Protecting your data from potential hackers and antagonistic forces is what most people think of when they visualize cybersecurity. But in reality, a large number of data breaches come from internal forces. According to Statista, around 18 million data breaches were seen by internet users globally in the first quarter of 2022.
Quality data privacy tools must be able to protect your company assets from internal threats, on top of external ones. Many companies already do this at some level, such as Role-Based Access Control, in which users must be assigned a certain role before they can access a file. Attribute-Based Access Control takes this a step further, by using a combination of attributes, such as location, time, and device, to dictate what actions can be taken with a file.
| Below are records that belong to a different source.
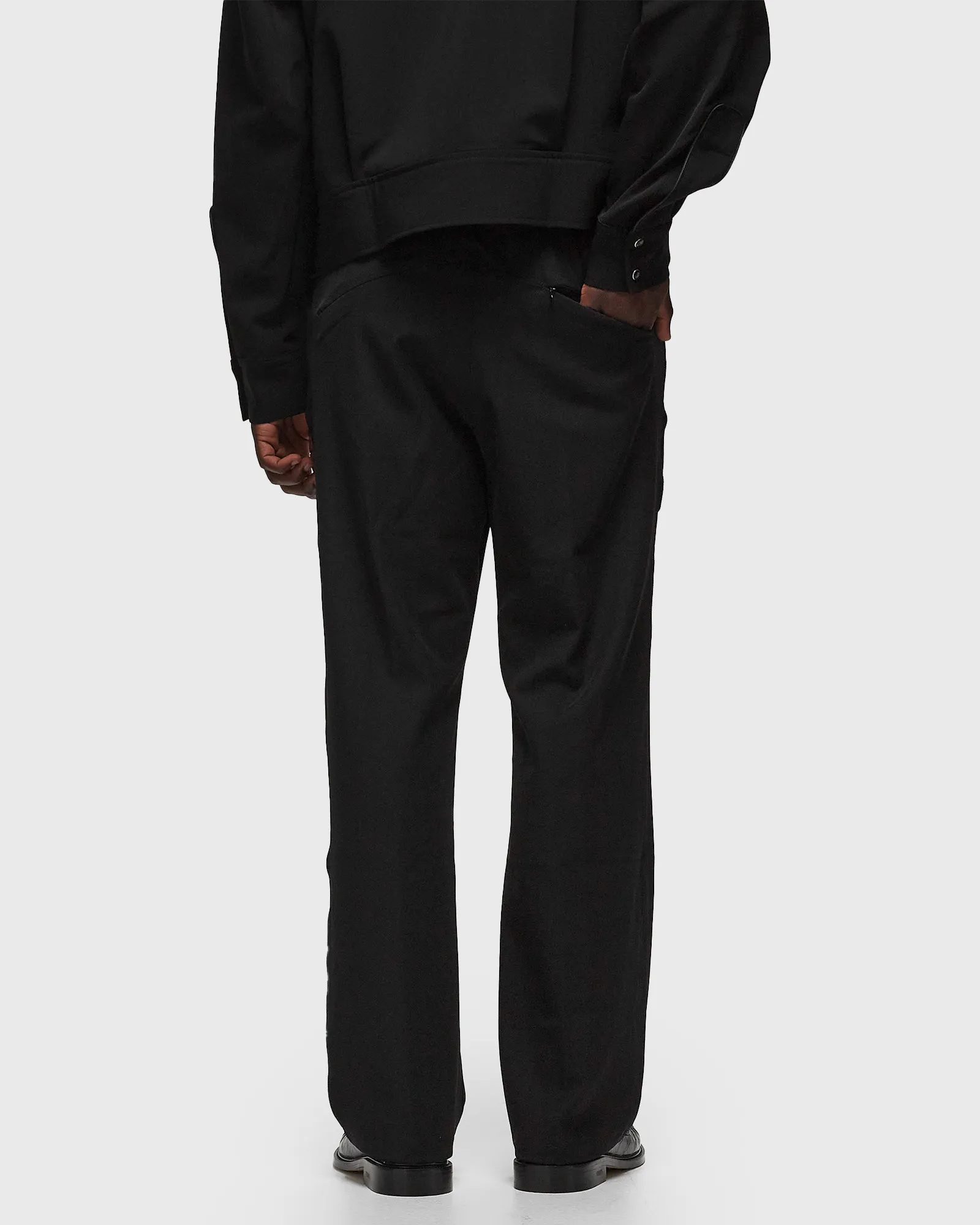 Needles W.U. Straight Pant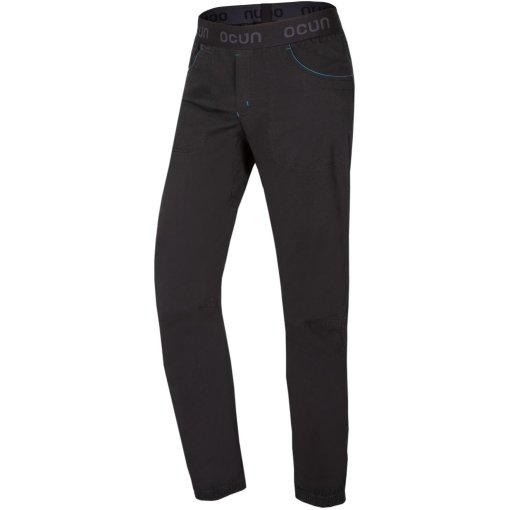 Produktbild von Ocún Jaws Pants Kletterhose Herren - black caviar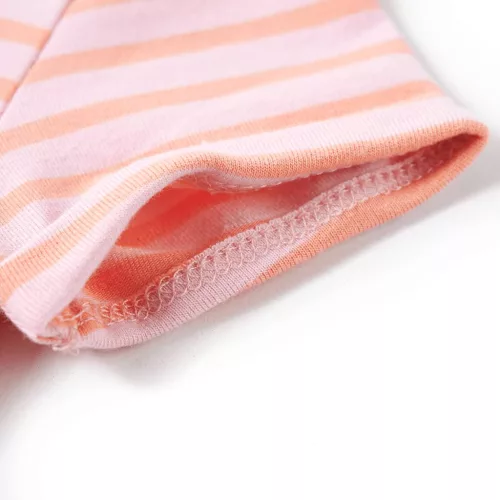 Rózsaszín gyerekpóló 104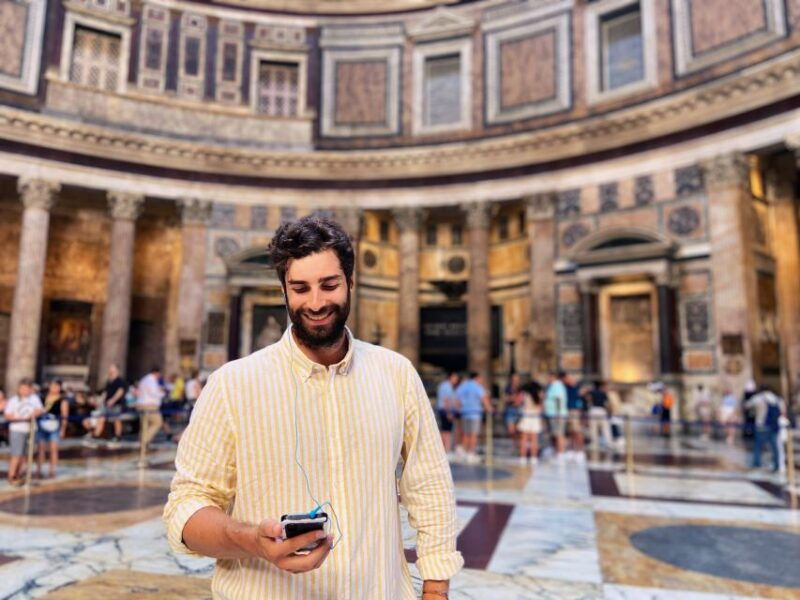 rome-pantheon-skip-the-line-entry-ticket-audio-guide-app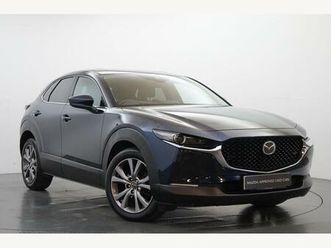 2.0 e-skyactiv x mhev gt sport edition euro 6 (start/stop) 5dr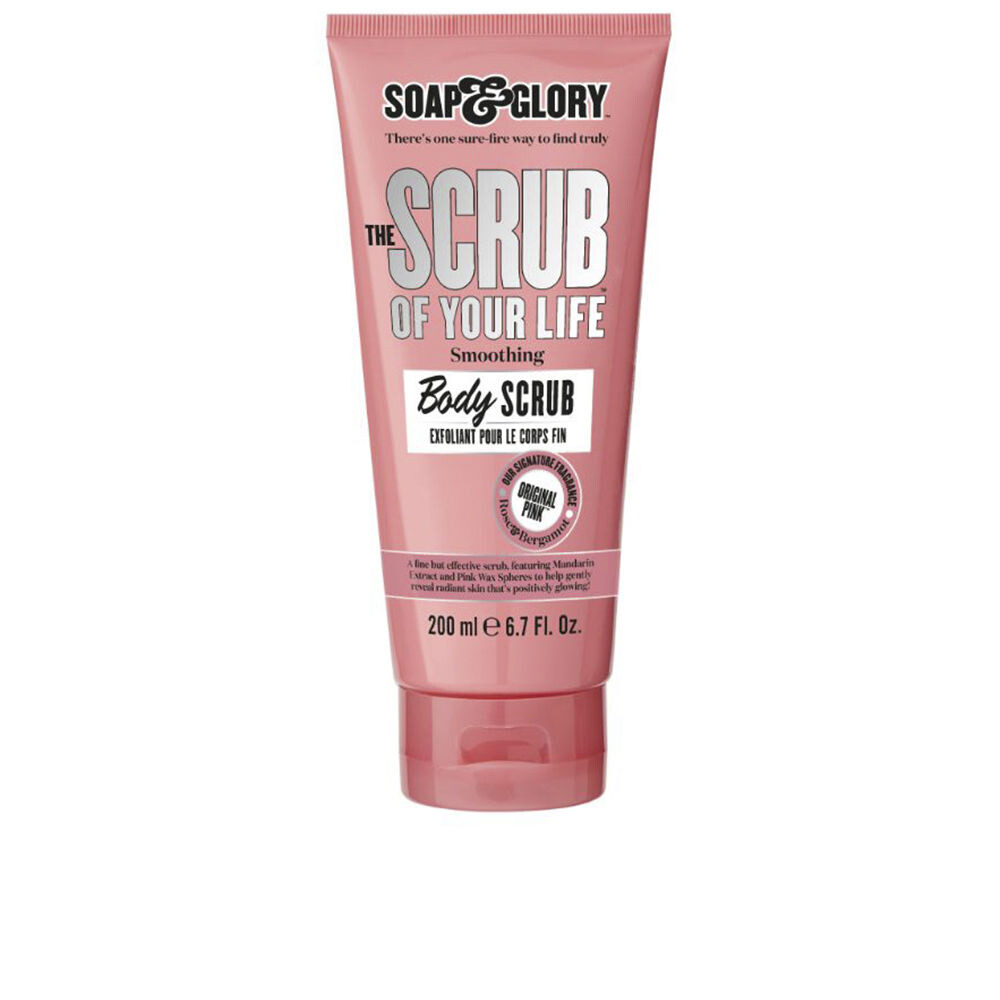 

Скраб для тела The Scrub Of Your Life Body Buffer Soap & Glory, 200 мл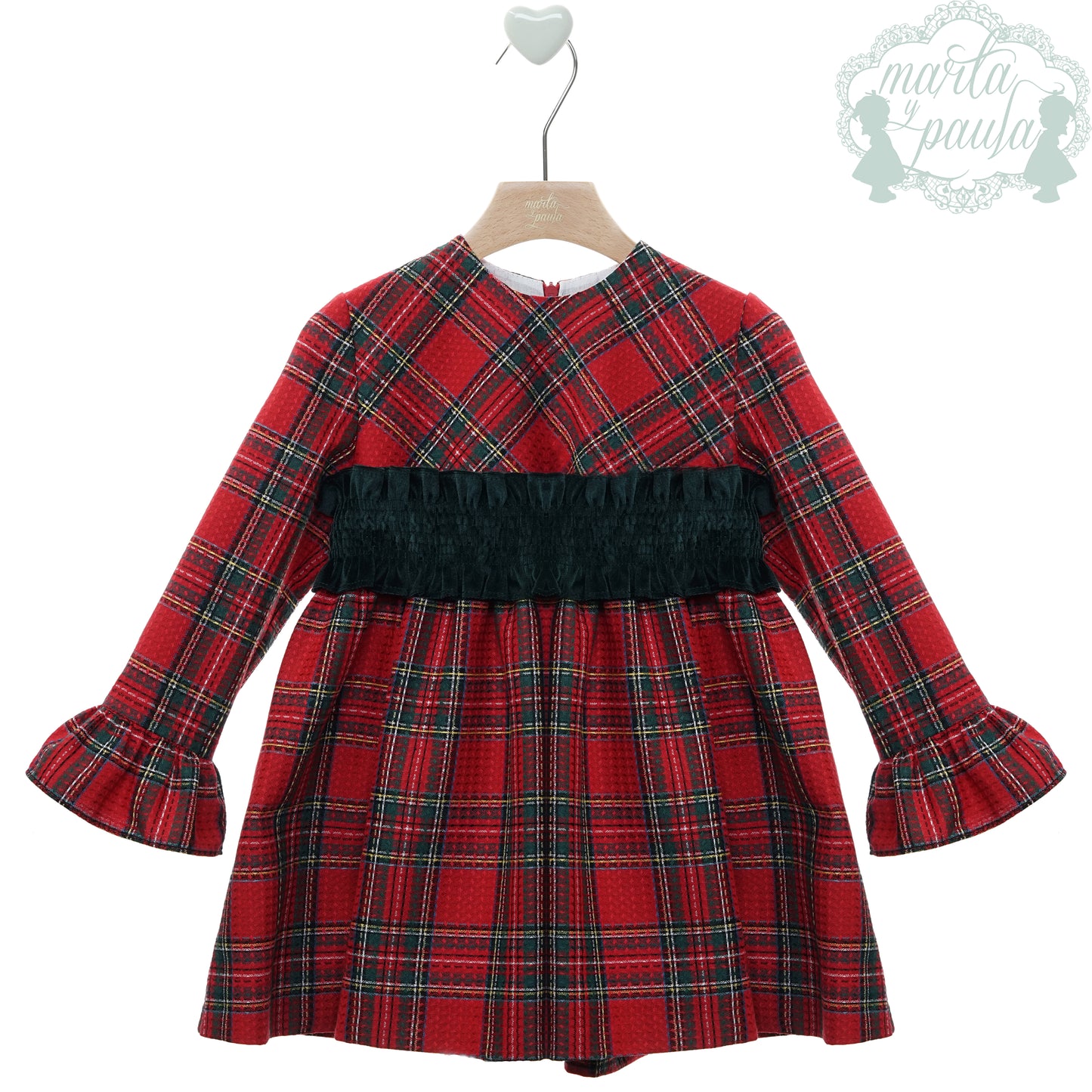 Vestido infantil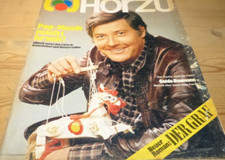 Hörzu Nr.17/1973 Spooky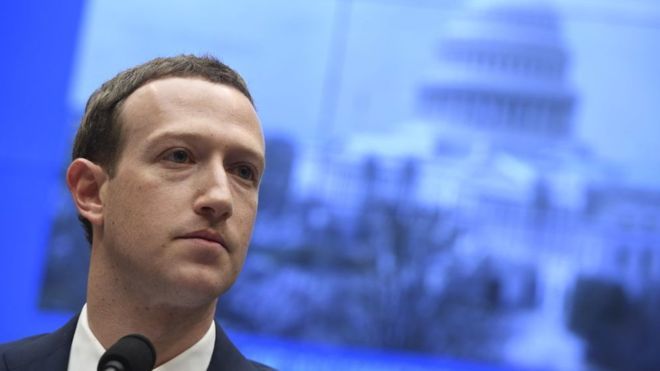Facebook's Zuckerberg accused of setting dangerous precedent over Trump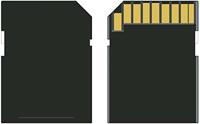 WAGO 758-879/000-001 SD Card PLC-geheugenmodule - thumbnail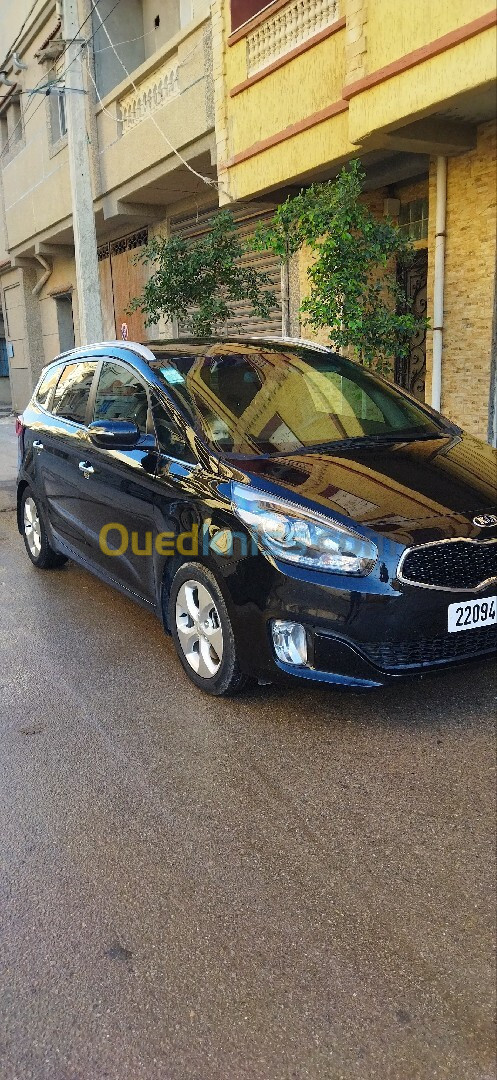 Kia Carens 2014 Premium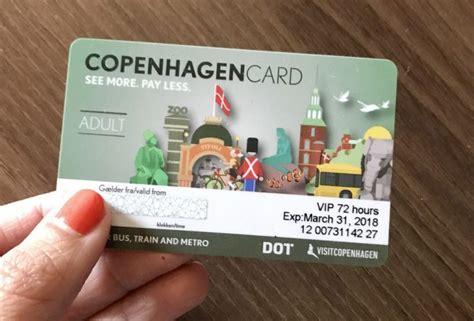 copenhagen card where to buy
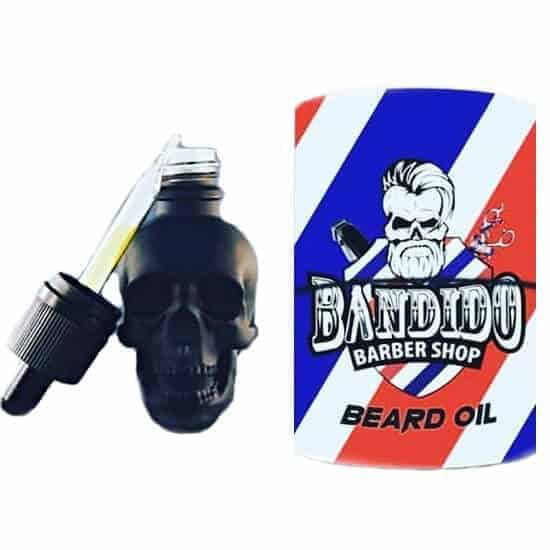 BANDIDO – Ulei pentru barba si mustata – 40 ml trendis.ro Barba si Mustata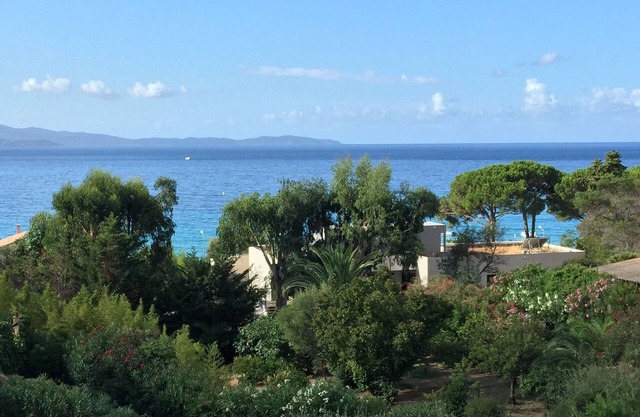 Prestigious villa on the Route des Sanguinaires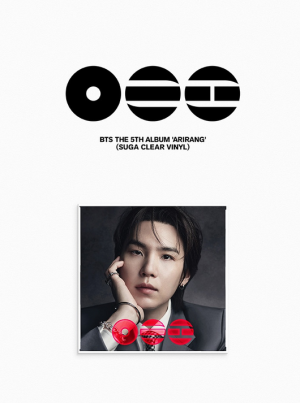 BTS - ARIRANG (Standard Vinyl) (8types Random Ver.) PRE - ORDER 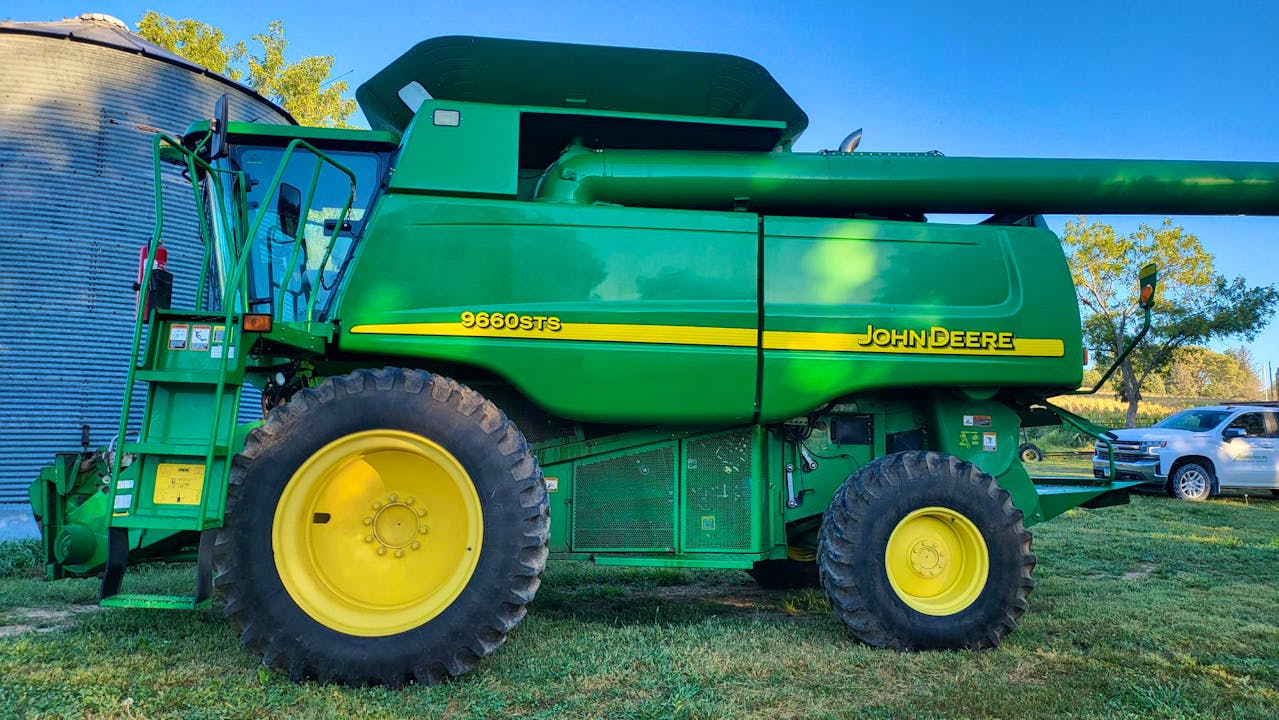 John Deere 9660 STS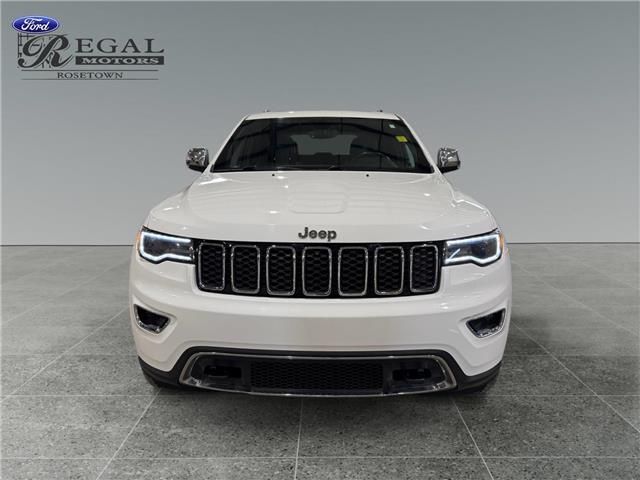 2020 Jeep Grand Cherokee Limited (Stk: C4858A) in ROSETOWN - Image 8 of 17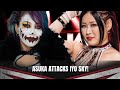 ASUKA ATTACKS IYO SKY! - RAW | NVA UNIVERSE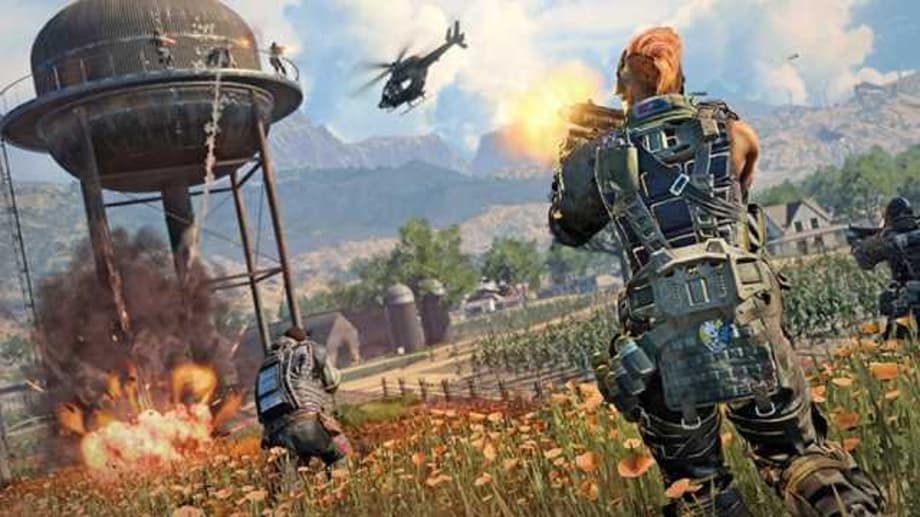 CALL OF DUTY: BLACK OPS 4: New Xbox & PC Update Introduces Operation Spectre & Features The Return Of Alcatraz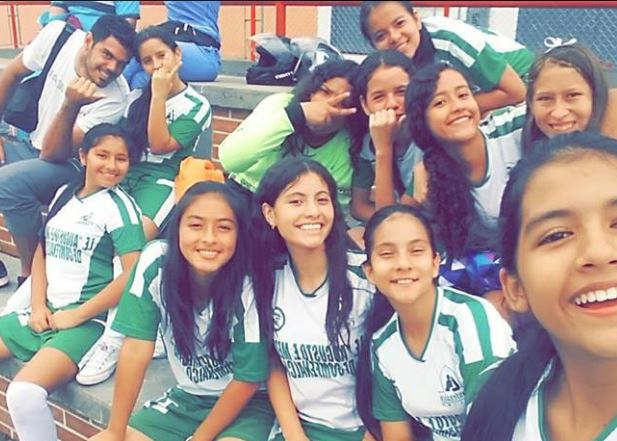 FÚTBOL FEMENINO 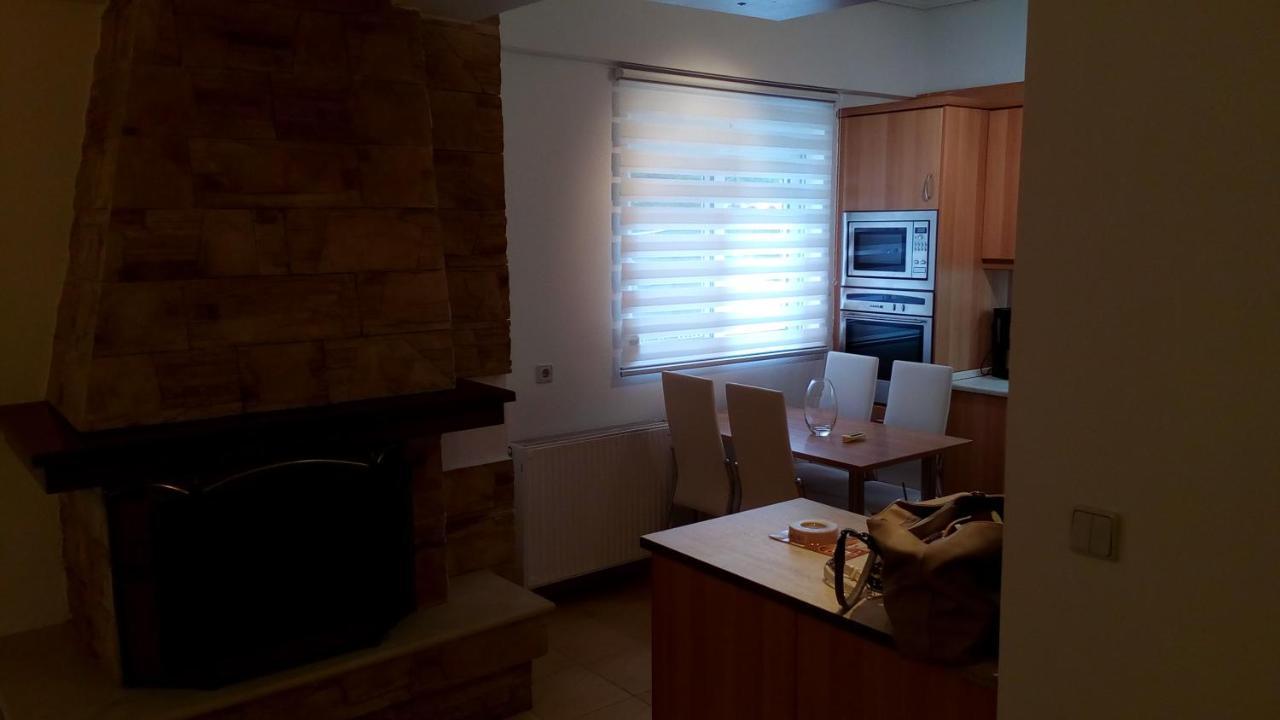 Luxury Apartment In Ano Glyfada Athen Eksteriør bilde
What does it take to have SAP data comply with data protection regulations?
As I mentioned, SAP has many tools that offer automated compliance solutions. They accomplish this by fully blocking some actions based on policies set by an administrator.
For example, if a US employee were trying to send a file internationally to a partner in Europe, they would be stopped by automated controls if the file were not compliant with ITAR. These policies do not only apply to the transfer of files. They can also dictate who can and cannot, view, access, and edit data. This practice is meant to prevent unauthorized employees from having shared access to data from other branches of an organization.
In conclusion, you should never stop working on your data privacy, as companies continue to innovate cybersecurity, more and more flaws in current systems will be exposed. You should always question, research, and improve on your current data privacy practices.